Selon le professeur de l’UQAM, l’université du Quartier Latin « a accusé un retard assez important sur les questions autochtones en termes de positionnement institutionnel ».

La fin des tensions ?

Pour Laurent Jérôme, le mouvement Idle No More, fortement médiatisé en 2012, « est un point tournant qui a fait allumer les responsables politiques sur la nécessité de reconnaître la présence des Premières Nations sur le territoire du Québec. » Des points de confrontation demeurent, et ce, malgré la plus grande place faite aux luttes autochtones dans les médias. Les différentes nations autochtones veulent obtenir « un droit de regard et une participation sur l’exploitation et la gestion de leurs ressources », avance Laurent Jérôme. Ce dernier croit que les gouvernements doivent développer « des mécanismes de concertation qui prennent le point de vue des Autochtones dès le départ. » Sans ceux-ci, la société s’expose à d’autres confrontations avec les Premières Nations.

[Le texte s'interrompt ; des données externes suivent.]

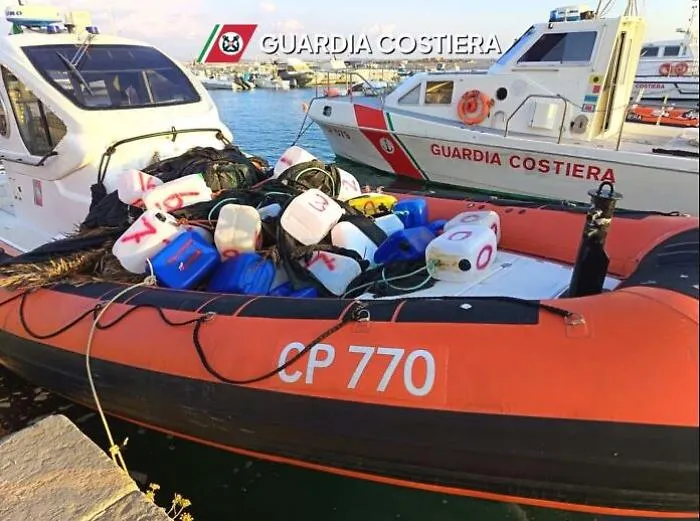 Trappola abusiva nei mari delle Egadi e San Vito: la Guardia Costiera sequestra 105 cannizzi e rimuove oltre una tonnellata di plastica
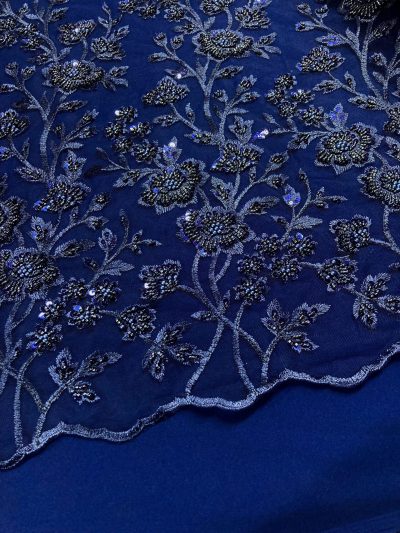 Tul bordado pedrería azul marino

La reconnaissance qu’on accorde désormais à ces dernières « vient contribuer à renforcer cette idée de réconciliation, explique Ghislain Picard. Les territoires autochtones, ça ne tient pas du mythe, c’est une réalité. […] Ça ne vient pas changer les défis qui se présentent à nous », observe celui qui a passé une grande partie de sa vie à défendre les droits de la communauté autochtone.